After a typical cold start, with a Battery that is in a decent state of charge, the alternator will kick out a very large charge - anything up to 50A or 75A - into the Battery. Under normal circumstances (that is, unless you turn on every electrical load imaginable) this initial high charge will reduce after less than 5 minutes driving to 20A or even 10A. It will then stay at this low figure, and taper off to a trickle (5A or less) over the next half an hour of driving.
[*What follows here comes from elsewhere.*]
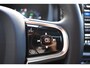 Volvo XC60 T6 350PK Automaat Plug-in Hybrid AWD Plus Dark / Navigatie / 360 Camera / Adaptieve Cruise Control / Stuur & Stoelverwarming / Elektr. Achterklep / Schuifdak / LM Velgen / Trekhaak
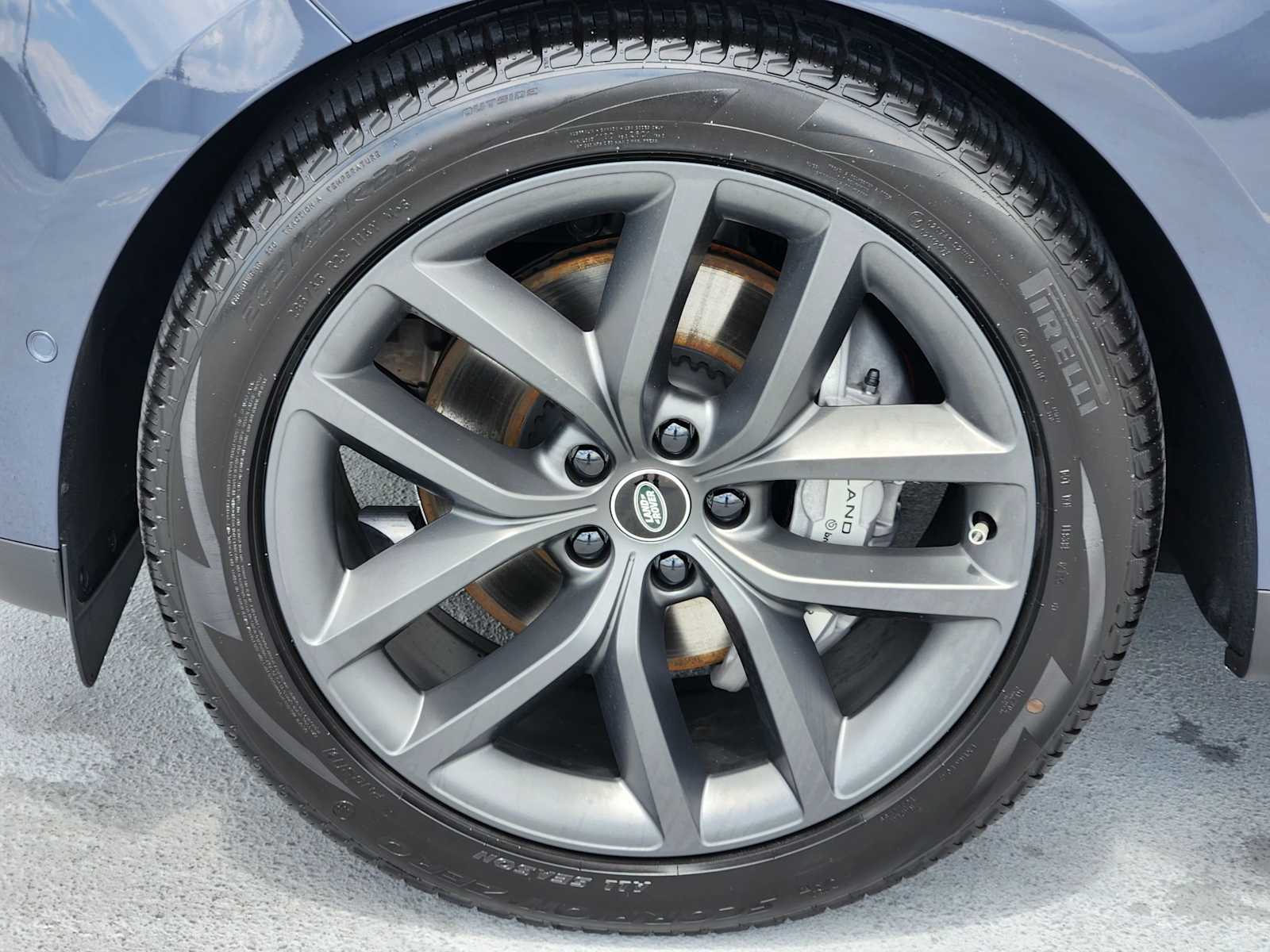 2025 Land Rover Range Rover Sport SE photo 9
So the answer to your question is, probably, somewhere in the region of 15-20 minutes of driving. If your battery is holding up on journeys of less than 1 mile, you're doing really well, especially for a diesel, which takes far more out of the battery than a petrol on a cold start. Two or three minutes of Fast Idle will help after you start it, as will a top-up charge from a longer journey (or battery charger) now and again.

______

When does the alternator 'kick in' ?

Once an alternator starts turning, it produces an output. Alternators typically run at around 2-3 times the rpm of the engine (their pulleys are roughly one-third the diameter of the crankshaft pulley). So at 1000rpm tickover, the alternator's actually doing 2000-3000rpm, and is quite capable of delivering a fair output at this speed. The alternator's output rises with speed, but levels out somewhere around 5000rpm (2000 engine rpm). Maximum output can be anything between 80 and 120A for today's cars.

Large, slower-revving engines (V8's, diesels) tend to have quite small alternator pulleys, to keep alternator revs up at low road speeds (eg 30mph).

Dynamos (on old cars) do not like high revs. They have segmented commutators (like a typical mains electric drill), and not the smooth, continuous slip-rings of a modern alternator. Dynamos started to disappear from vehicles in the 1960s. The output from a dynamo at low engine revs was not good, and did indeed 'cut in' at something above idling speed. (It was the function of the Cut-out box to prevent current actually flowing 'backwards' into the dynamo windings at idle speed. The bank of diodes in an alternator (which also convert its AC to a DC output) also prevent reverse current drain.